Exercise data section start
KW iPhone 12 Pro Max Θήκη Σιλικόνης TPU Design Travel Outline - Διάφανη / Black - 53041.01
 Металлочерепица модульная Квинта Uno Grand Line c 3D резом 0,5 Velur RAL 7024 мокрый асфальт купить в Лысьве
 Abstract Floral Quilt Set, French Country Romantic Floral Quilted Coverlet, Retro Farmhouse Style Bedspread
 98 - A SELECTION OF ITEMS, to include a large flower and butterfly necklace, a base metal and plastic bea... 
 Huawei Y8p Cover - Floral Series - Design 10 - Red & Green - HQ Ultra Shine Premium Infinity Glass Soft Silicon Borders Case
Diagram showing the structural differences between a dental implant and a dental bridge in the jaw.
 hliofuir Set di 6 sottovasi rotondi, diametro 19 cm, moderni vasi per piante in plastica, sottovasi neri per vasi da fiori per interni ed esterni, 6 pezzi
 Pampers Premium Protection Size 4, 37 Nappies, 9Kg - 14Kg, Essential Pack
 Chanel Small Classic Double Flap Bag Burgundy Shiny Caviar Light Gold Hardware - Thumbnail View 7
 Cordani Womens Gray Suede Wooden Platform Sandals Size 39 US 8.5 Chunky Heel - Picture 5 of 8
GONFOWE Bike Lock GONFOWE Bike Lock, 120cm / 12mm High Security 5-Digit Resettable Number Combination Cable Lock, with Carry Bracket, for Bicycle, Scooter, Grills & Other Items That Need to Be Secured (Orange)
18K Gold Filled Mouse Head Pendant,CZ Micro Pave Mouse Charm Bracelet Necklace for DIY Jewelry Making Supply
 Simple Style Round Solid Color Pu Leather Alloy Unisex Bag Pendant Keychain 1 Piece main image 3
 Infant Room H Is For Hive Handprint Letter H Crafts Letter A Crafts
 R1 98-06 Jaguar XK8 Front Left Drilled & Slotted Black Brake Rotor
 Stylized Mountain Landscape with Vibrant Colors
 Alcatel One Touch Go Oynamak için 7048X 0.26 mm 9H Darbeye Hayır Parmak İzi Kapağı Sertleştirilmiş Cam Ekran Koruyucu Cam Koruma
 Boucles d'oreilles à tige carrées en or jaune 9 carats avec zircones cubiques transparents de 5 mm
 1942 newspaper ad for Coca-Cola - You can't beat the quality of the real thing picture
Exercise data section end
*Aim of the task*: Say each line again exactly as it appears above.

*Task answer*:
KW iPhone 12 Pro Max Θήκη Σιλικόνης TPU Design Travel Outline - Διάφανη / Black - 53041.01
 Металлочерепица модульная Квинта Uno Grand Line c 3D резом 0,5 Velur RAL 7024 мокрый асфальт купить в Лысьве
 Abstract Floral Quilt Set, French Country Romantic Floral Quilted Coverlet, Retro Farmhouse Style Bedspread
 98 - A SELECTION OF ITEMS, to include a large flower and butterfly necklace, a base metal and plastic bea... 
 Huawei Y8p Cover - Floral Series - Design 10 - Red & Green - HQ Ultra Shine Premium Infinity Glass Soft Silicon Borders Case
Diagram showing the structural differences between a dental implant and a dental bridge in the jaw.
 hliofuir Set di 6 sottovasi rotondi, diametro 19 cm, moderni vasi per piante in plastica, sottovasi neri per vasi da fiori per interni ed esterni, 6 pezzi
 Pampers Premium Protection Size 4, 37 Nappies, 9Kg - 14Kg, Essential Pack
 Chanel Small Classic Double Flap Bag Burgundy Shiny Caviar Light Gold Hardware - Thumbnail View 7
 Cordani Womens Gray Suede Wooden Platform Sandals Size 39 US 8.5 Chunky Heel - Picture 5 of 8
GONFOWE Bike Lock GONFOWE Bike Lock, 120cm / 12mm High Security 5-Digit Resettable Number Combination Cable Lock, with Carry Bracket, for Bicycle, Scooter, Grills & Other Items That Need to Be Secured (Orange)
18K Gold Filled Mouse Head Pendant,CZ Micro Pave Mouse Charm Bracelet Necklace for DIY Jewelry Making Supply
 Simple Style Round Solid Color Pu Leather Alloy Unisex Bag Pendant Keychain 1 Piece main image 3
 Infant Room H Is For Hive Handprint Letter H Crafts Letter A Crafts
 R1 98-06 Jaguar XK8 Front Left Drilled & Slotted Black Brake Rotor
 Stylized Mountain Landscape with Vibrant Colors
 Alcatel One Touch Go Oynamak için 7048X 0.26 mm 9H Darbeye Hayır Parmak İzi Kapağı Sertleştirilmiş Cam Ekran Koruyucu Cam Koruma
 Boucles d'oreilles à tige carrées en or jaune 9 carats avec zircones cubiques transparents de 5 mm
 1942 newspaper ad for Coca-Cola - You can't beat the quality of the real thing picture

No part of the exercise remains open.